The Corrective Exercise Specialist in me comes out when I see horrible deadlift form that looks more like a squat off the floor than an actual hip hinge.
I cringe when I see people’s heels leaving the floor during a back squat.
I want to cry when I see people pulling the lat pull-down bar to their bellybutton.
Although the proper biomechanics of movements are a huge component to a solid exercise program, so is the actual program itself.
Exercise programming is why I have a job 😉
It’s actually not as easy as just going to the gym and winging it.
I did that for years, literally probably a decade if not more, and it got me nowhere- and I mean NOWHERE.
Thanks to my background and Kinesiology degree, I now understand that the body is a system- much like a machine. Once you understand that the body works in kinetic chains, and all of your movements and exercises done over the course of several weeks, months, and years, then you can have the fun of developing an exercise program that is conducive to your goals.
I can usually spot a woman’s goals from a mile away:
I see women isolating their triceps because they want to get rid of the “flab” under their arms.
I see women isolating their hip adductors trying to get rid of their inner-thigh “jiggle.”
I see women isolating their core trying to make their midsection “smaller.”
After about the 1000th women I saw doing almost nothing but core exercises
for their entire workout, I decided I had to use myself, once again, as the test subject of a little experiment.
If you’ve missed my other experiments, you can catch up here:
Where I ate 1 bagel a day for 28 days and didn’t gain a pound.
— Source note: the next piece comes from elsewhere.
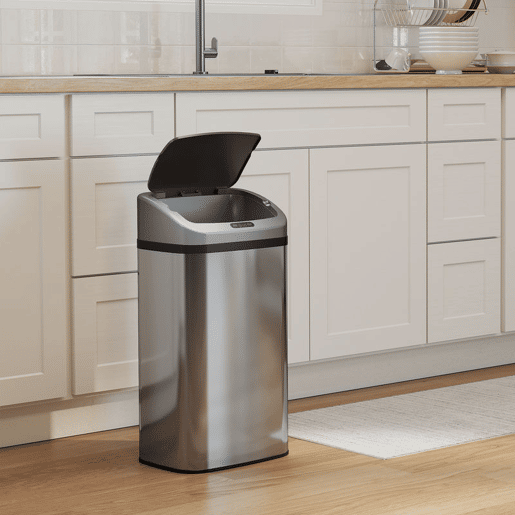 HOMCOM Balde de Lixo Automático para Cozinha 48 L Aço Inoxidável Sensor Infravermelho Fechamento Automático Antimarcas de Dedos para Escritório 33x25x69 cm Prata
You can also catch the podcast episode about that here.
And here, here & here:
Where I did 15 days of steady state cardio and saw no results followed by 15 days of high intensity interval training and actually saw a difference.
You can listen to a podcast episode where I talk about cardio here.
I’ve also seen an overwhelming amount of free challenges on the internet where women are asked to do things like sit-ups, crunches, or squats
for 30 days or so.
Some of them go like this:
Day 1: 30 sit-ups
Day 2: 60 sit-ups
Day 3: 120 sit-ups
Etc, etc. until they accumulate a ridiculous amount of sit-ups each day
(or squats) and the end goal is essentially a smaller midsection or
a “more toned” look to your legs.
But is there any truth behind that?
Does isolating a muscle group, especially something that we want to appear smaller, help us achieve our aesthetic goals?
I’ve had some people already tell me that when they focus on more core,
they feel they look more defined in their midsection.
Why is that?
So, here’s the deal.
For 15 days I’m going to do a TON of core isolating exercises.
With weight, without weight, etc.
My total caloric intake will stay the same (for now)
as will the rest of my exercise programming which is comprised of:
1) Compound movements for pure strength
2) Accessory movements for muscular imbalances
3) Super-sets and short bursts of metabolic conditioning for “cardio”
We will assess progress in 15-days and go from there!